Its a back pak clone bought on ebay. I questioned the flow rate, but who really knows, it would be so hard to test. It seems to really push the surface water around, but I am now getting fairly frequent blackish purple carpet type algae on my live sand. is that the cyno you warn of? is it all bad?


----------



## caferacermike (Oct 3, 2006)

Sounds it. The cyano can be a birght red, green, blue or purple color. If you can wave your hand just above it and it sweeps away you've got Cyano. Cyano is the true trouble nuisance algae. It will kill corals dead. It accumulates due to organics breaking down. 

If the color was brown I'd have said you have a normal brown diatom cycle that will clear on it's own.

If it is a blackish color and is stuck tight to the rocks and won't go away, now maybe the time for a sea hare or a lawn mower blenny. this stuff is tough and will creep all over the tank slowly suffocating it. 

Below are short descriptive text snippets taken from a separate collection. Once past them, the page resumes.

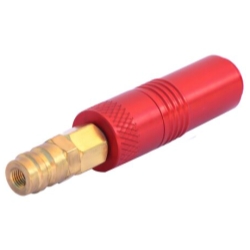A/C High Side Port Extender for R134a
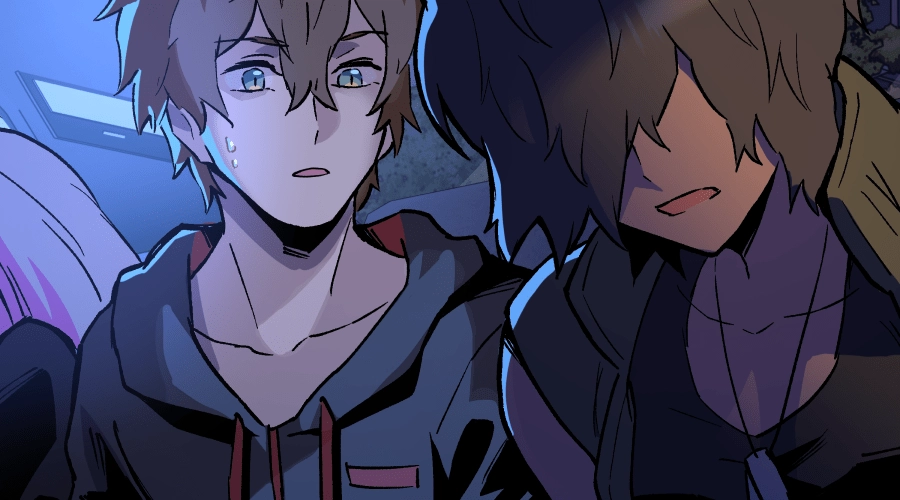 Dating Sim[on] Chapter 9 page 77 - 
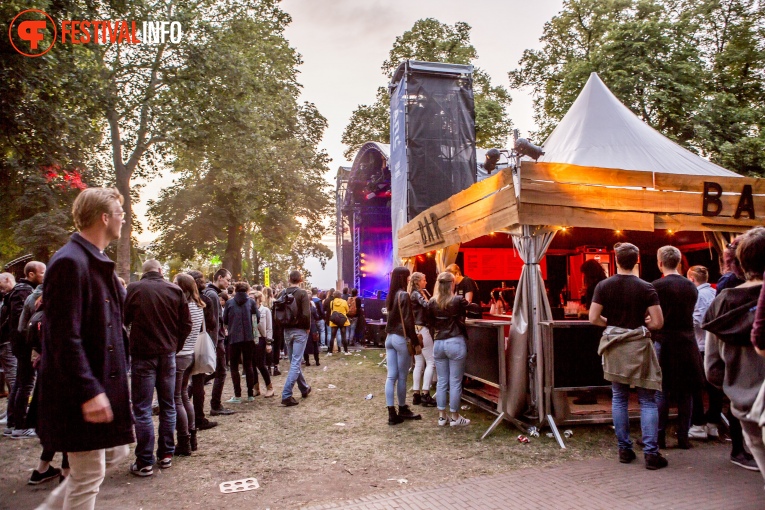 Sfeerfoto Vierdaagsefeesten Nijmegen 2019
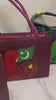 Trendy Printed Canvas Tote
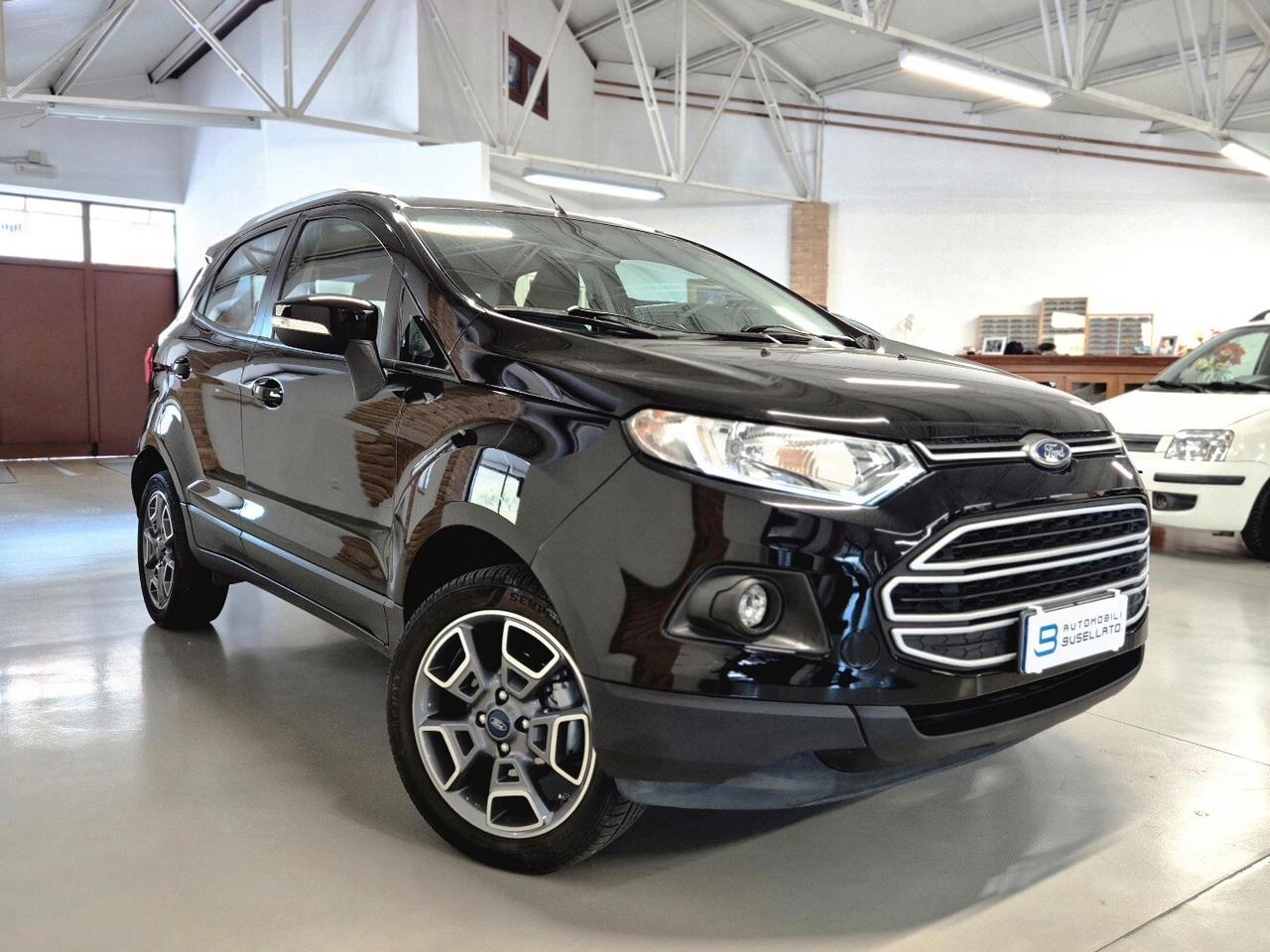 Ford EcoSport 1.0 EcoBoost 125 CV Plus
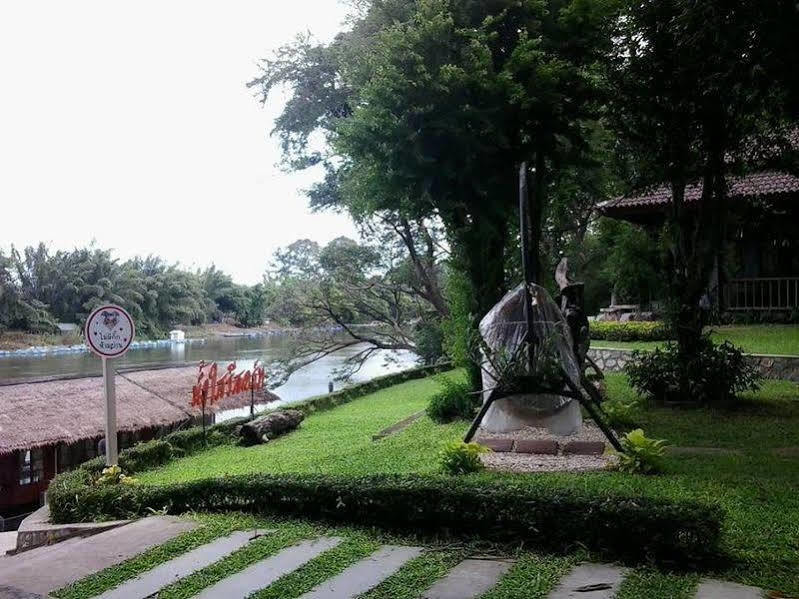 Namsai Resort 칸차나부리 외부 사진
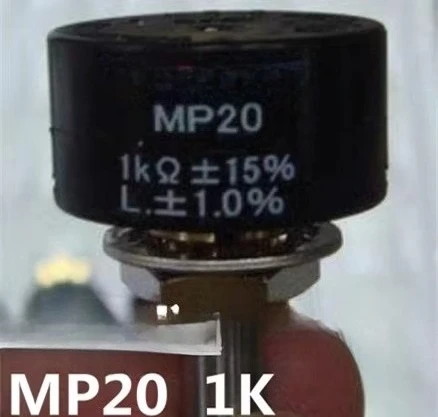 Potentiometer MP20 …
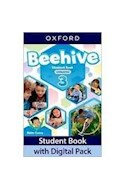 Papel BEEHIVE 3 STUDENT BOOK OXFORD (WITH DIGITAL PACK) [CEFR A1] (NOVEDAD 2024)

All algeas are indicative of too little flow. I swear everytime I tell somebody that has an algae problem to add more current, they always tell me that more powerheads cleared the problem. Algaes do not have root systems and are easily annoyed and blown away by excess currents. Most algaes take hold in areas of detritus and decay. By adding more currents you wil prevent those buildups. Also algae can be a sign of poor lighting or worn out bulbs. I'd have at least 150watts on a 55g and make sure the bulbs are not older than 8 months. Those bulbs shouls all be 12K spectrum or higher. Algaes thrive on 10K or less and grow even faster on old worn out spectrum bulbs.


----------



## jockkustow (Oct 23, 2006)

funny you mention the lights, mine are probably a little over a year old. I burn two two daylights and one blue. I did notice the problem though until I turned off everything exceept the skimmer. I guess I just need to turn my rio jet back on, and aim it across the bottom.


----------



## caferacermike (Oct 3, 2006)

Flourescents peak at about a year. It is time to save up for new bulbs. Keep this in mind.


----------



## Age of Aquariums (Apr 13, 2007)

I'm down to 4 tanks since I put to much LR in my 20 gallon, it broke the bottom. So weight for sure.


----------